American Safari Cruises (ASC) owner Dan Blanchard announced yesterday that the Safari Explorer yacht will not dock on Molokai as scheduled this weekend. The cancellation followed a community meeting Wednesday night, which was attended by over 300 residents.
While residents testified both for and against the yacht’s Molokai stop, Blanchard said enough residents voiced concerns that the company decided to postpone docking until the company could talk to more community members.
“We are committed to further dialogue and will respectfully work with leaders in the community,” Blanchard said via email Thursday.

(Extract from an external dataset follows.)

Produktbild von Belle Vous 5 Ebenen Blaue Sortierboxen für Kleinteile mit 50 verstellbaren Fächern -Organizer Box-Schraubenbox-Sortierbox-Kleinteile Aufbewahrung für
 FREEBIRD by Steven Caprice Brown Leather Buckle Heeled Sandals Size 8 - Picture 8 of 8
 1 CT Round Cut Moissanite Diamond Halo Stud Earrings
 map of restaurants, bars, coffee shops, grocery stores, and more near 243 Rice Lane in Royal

“We are not against this cruise ship,” said activist Walter Ritte, who had led protests against the yacht. “[Thirty-six people is] not a big deal. So why are we protesting? Nobody asked us what are our concerns … We demand participation and control.”
For some, the yacht and its passengers bring much-needed income.
“If I never had tourists coming in our store, we wouldn’t make it,” said one local businesswoman. “Give them [ASC] a chance.”
Others say a subsistence lifestyle is what supports them, and they argue money is not enough reason to allow the Safari Explorer to dock on Molokai.
“I hunt, I fish, I farm — I can live without your money,” resident Anela Albino told Blanchard at the meeting.
Zeke Kalua, a Molokai native and executive assistant to Maui County Mayor Alan Arakawa, said his attendance at the meeting was neither in support nor opposition of the yacht, but said he “represents a majority of sons and daughters who can’t come home right now” because of the poor economy.
“We have to take into consideration that progress can be made without destroying the island,” he said.
County Council Chair and Molokai representative Danny Mateo agreed, saying after the meeting, “our island’s economy is dying. We gotta bring our kids home.”
“The time has come to decide as a community what the role [of tourism] is – what is acceptable,” he added.